It’s the holiday season and one of the busiest times of the year on the road. If you have children travelling with you in the car, it’s important that they are using the correct restraint. A child who is properly secured in an approved child car seat is less likely to be injured or killed in a car crash than one who is not.
Here are some handy tips from the Child Restraint Evaluation Program (CREP) to help you choose the right car seat for your child.
• Children up to the age of six months must be secured in an approved rearward facing restraint.
• Children aged from six months old but under four years old must be secured in either a rear or forward facing approved child restraint with an inbuilt harness.
• Children under four years old cannot travel in the front seat of a vehicle with two or more rows.

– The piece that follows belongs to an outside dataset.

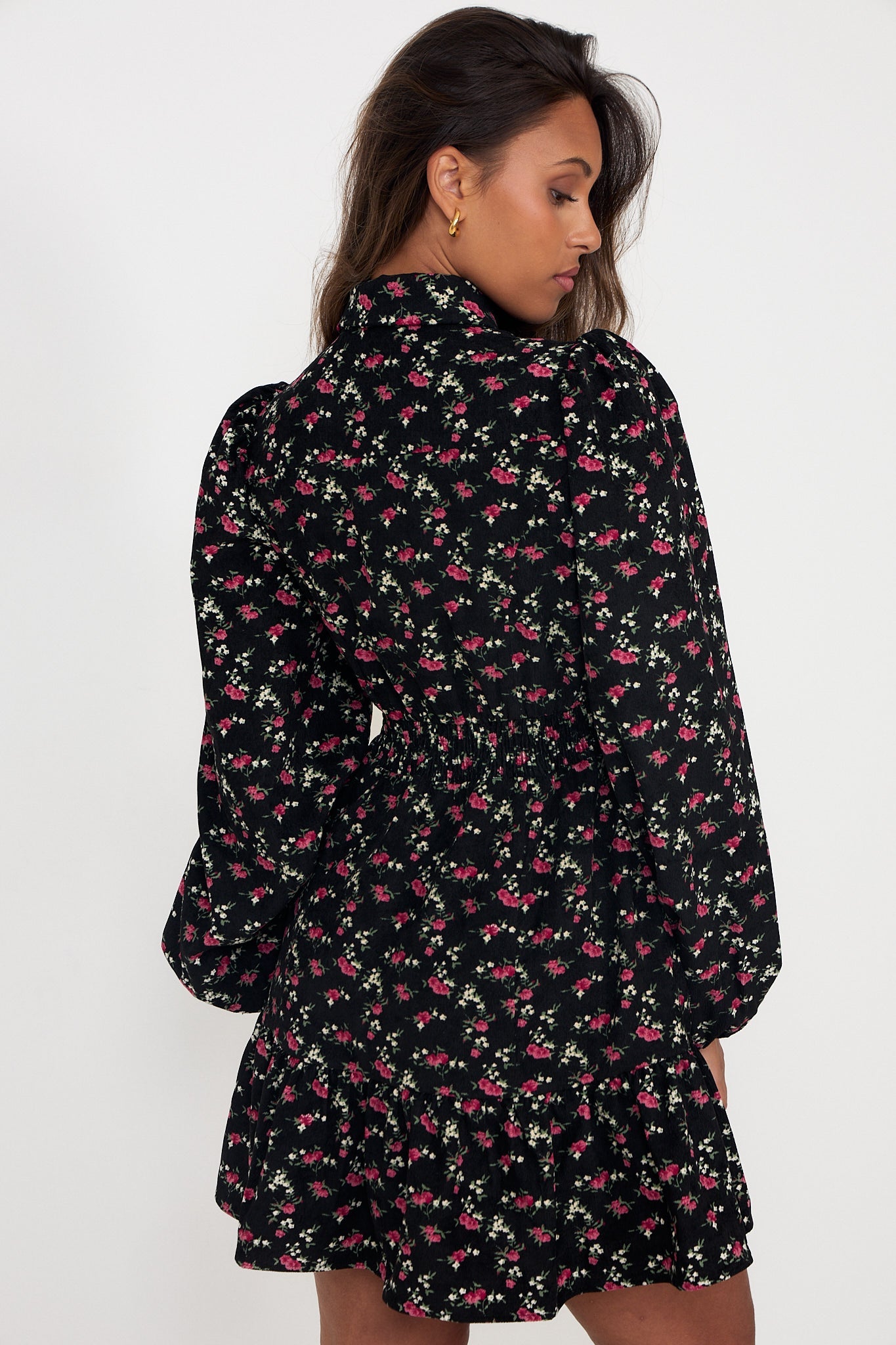 Mandy Cord Flower Mini Dress - Black/Pink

• Children aged from four years old but under seven years old must be secured in a forward facing approved child restraint with an inbuilt harness or an approved booster seat.

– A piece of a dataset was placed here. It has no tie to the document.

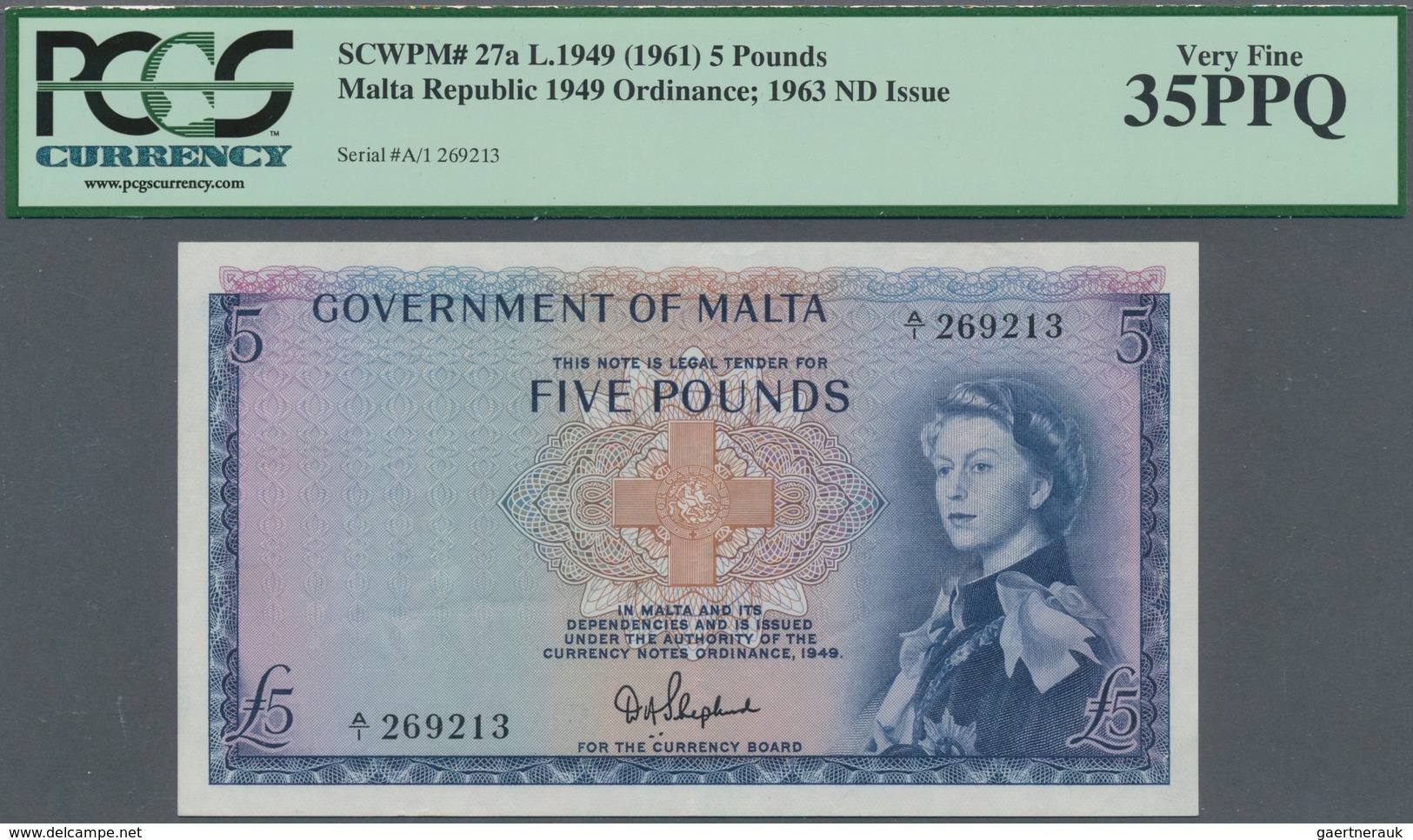 Malta: Government Of Malta 5 Pounds L.1949 (1961), P.27a, Great Condition With A Few Vertical Folds - Malta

• Children aged from four years old but under seven years old cannot travel in the front seat of a vehicle with two or more rows, unless all other back seats are occupied by children younger than seven years in an approved child restraint or booster seat.
• Children aged from seven years old but under 16 years old who are too small to be restrained by a seatbelt properly adjusted and fastened are strongly recommended to use an approved booster seat.

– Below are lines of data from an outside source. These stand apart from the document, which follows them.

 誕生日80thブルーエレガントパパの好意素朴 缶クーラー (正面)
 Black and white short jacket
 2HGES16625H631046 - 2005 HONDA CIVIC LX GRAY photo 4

• Children in booster seats must be restrained by a suitable lap and sash type approved seatbelt that is properly adjusted and fastened, or by a suitable approved child safety harness that is properly adjusted and fastened.
If you’re not sure which child car seat is the right one for your child, click here to find and compare products.
The CREP, a consortium of government agencies and motorist organisations, who share a common interest in improving safety for children travelling in vehicles have just released new ratings for 6 child car seats. Click here for more information on the latest ratings.
Old child car seats
If your child car seat has been handed down from friends or relatives and is more than 10 years old, the CREP recommends not using it. Additionally, it should not be used if the seat has cracks, frayed straps or any other damage.